Records shown START
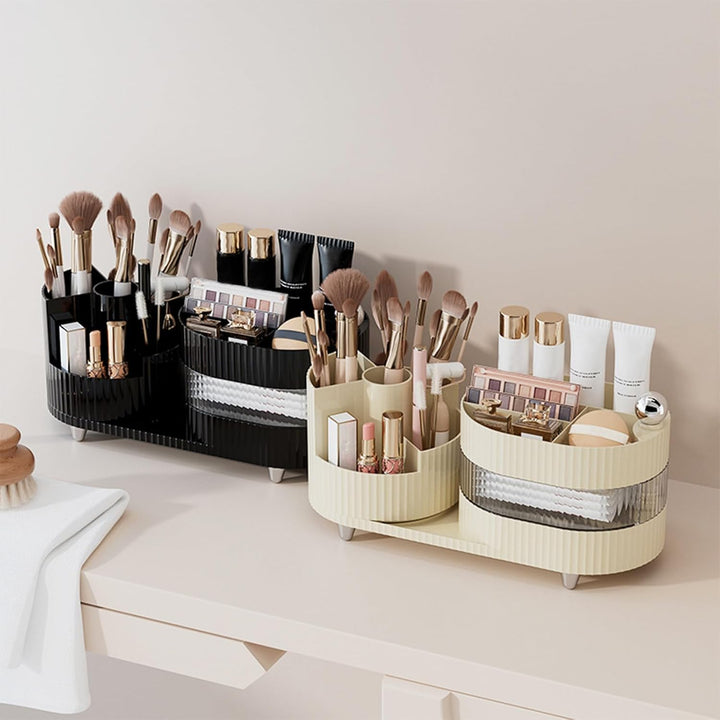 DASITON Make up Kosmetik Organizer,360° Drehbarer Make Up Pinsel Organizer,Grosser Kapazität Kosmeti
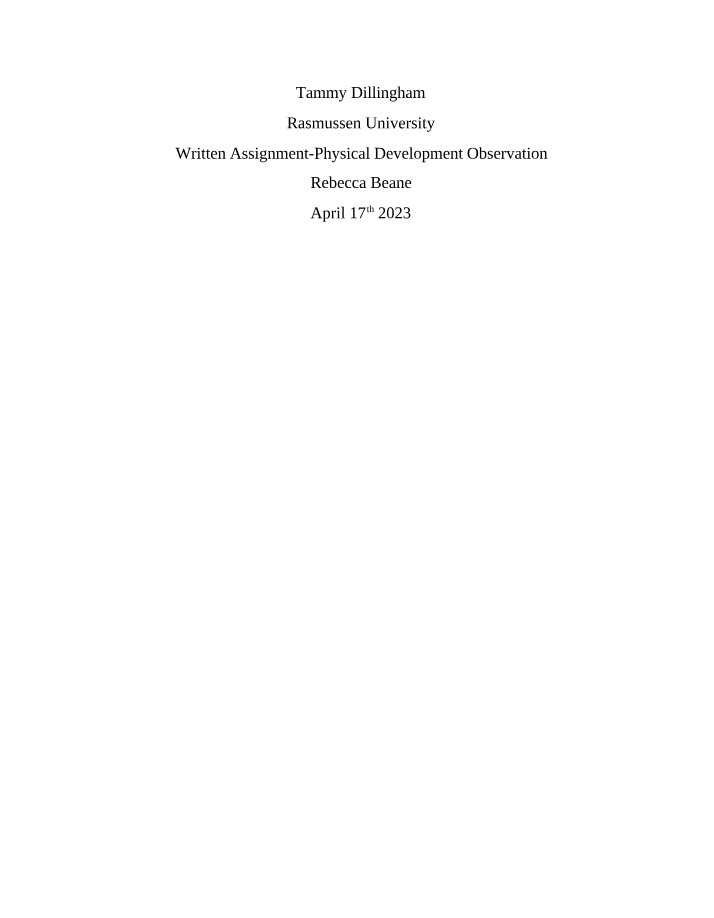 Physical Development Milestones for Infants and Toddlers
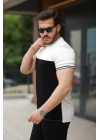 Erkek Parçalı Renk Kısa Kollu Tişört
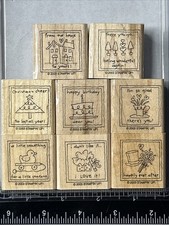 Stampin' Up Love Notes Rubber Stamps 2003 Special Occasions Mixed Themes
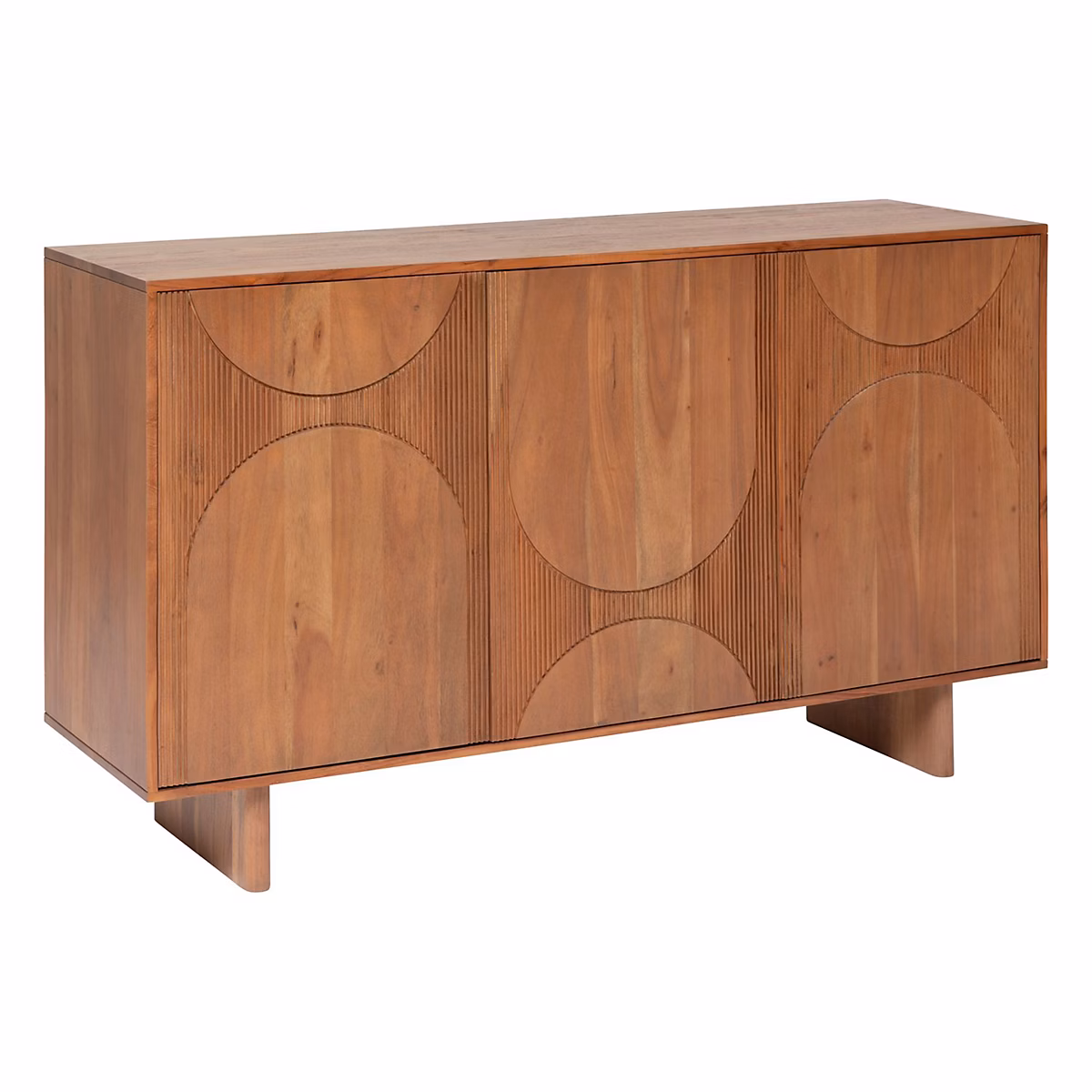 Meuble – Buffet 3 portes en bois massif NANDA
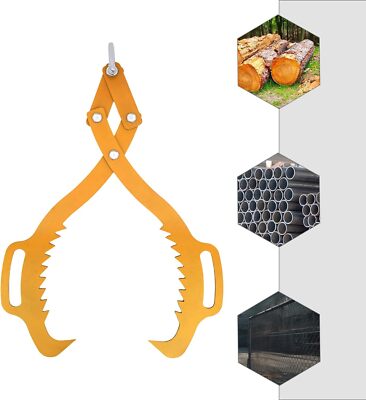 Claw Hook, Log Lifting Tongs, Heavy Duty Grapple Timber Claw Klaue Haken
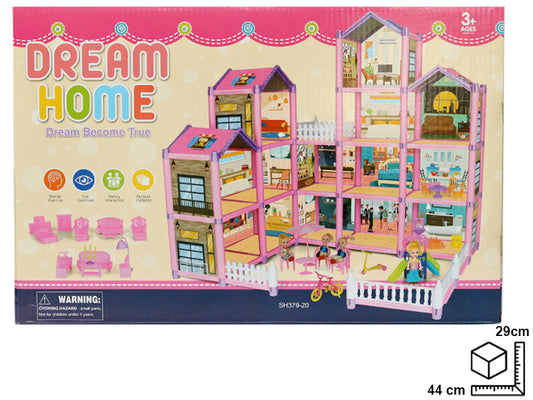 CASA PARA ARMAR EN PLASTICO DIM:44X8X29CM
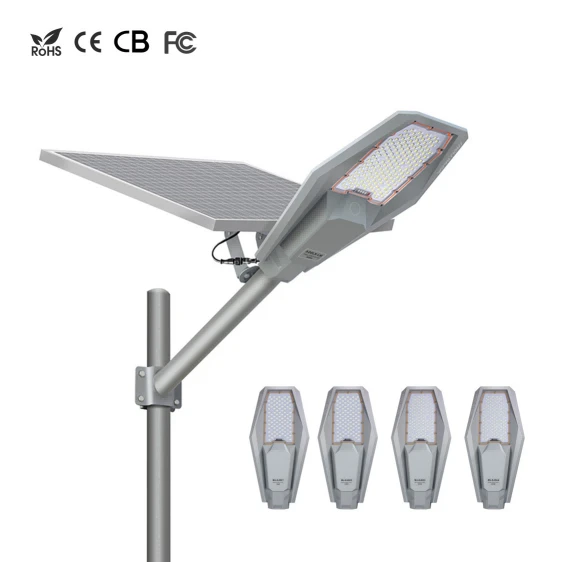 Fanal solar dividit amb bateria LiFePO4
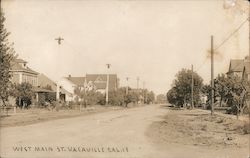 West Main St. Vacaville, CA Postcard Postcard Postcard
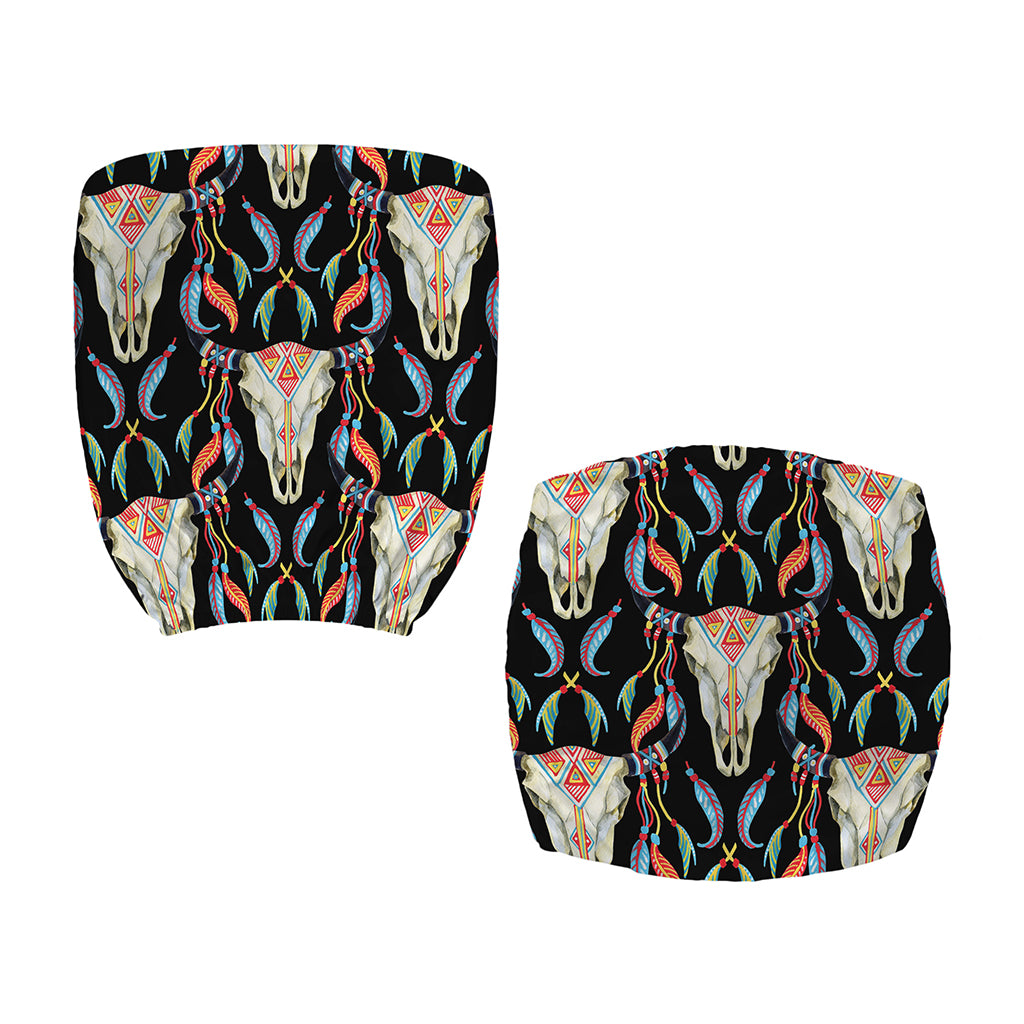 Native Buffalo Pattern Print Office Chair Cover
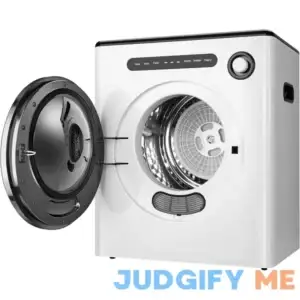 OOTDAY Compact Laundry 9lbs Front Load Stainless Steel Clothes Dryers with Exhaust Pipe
Records shown END
Exercise |
Using the listing above, copy every line from the line containing "Meuble – Buffet" through the last one, both included, and no other lines. Pictures stay out.

Your solution |
 Meuble – Buffet 3 portes en bois massif NANDA
 Claw Hook, Log Lifting Tongs, Heavy Duty Grapple Timber Claw Klaue Haken
 CASA PARA ARMAR EN PLASTICO DIM:44X8X29CM
 Fanal solar dividit amb bateria LiFePO4
 West Main St. Vacaville, CA Postcard Postcard Postcard
 Native Buffalo Pattern Print Office Chair Cover
 OOTDAY Compact Laundry 9lbs Front Load Stainless Steel Clothes Dryers with Exhaust Pipe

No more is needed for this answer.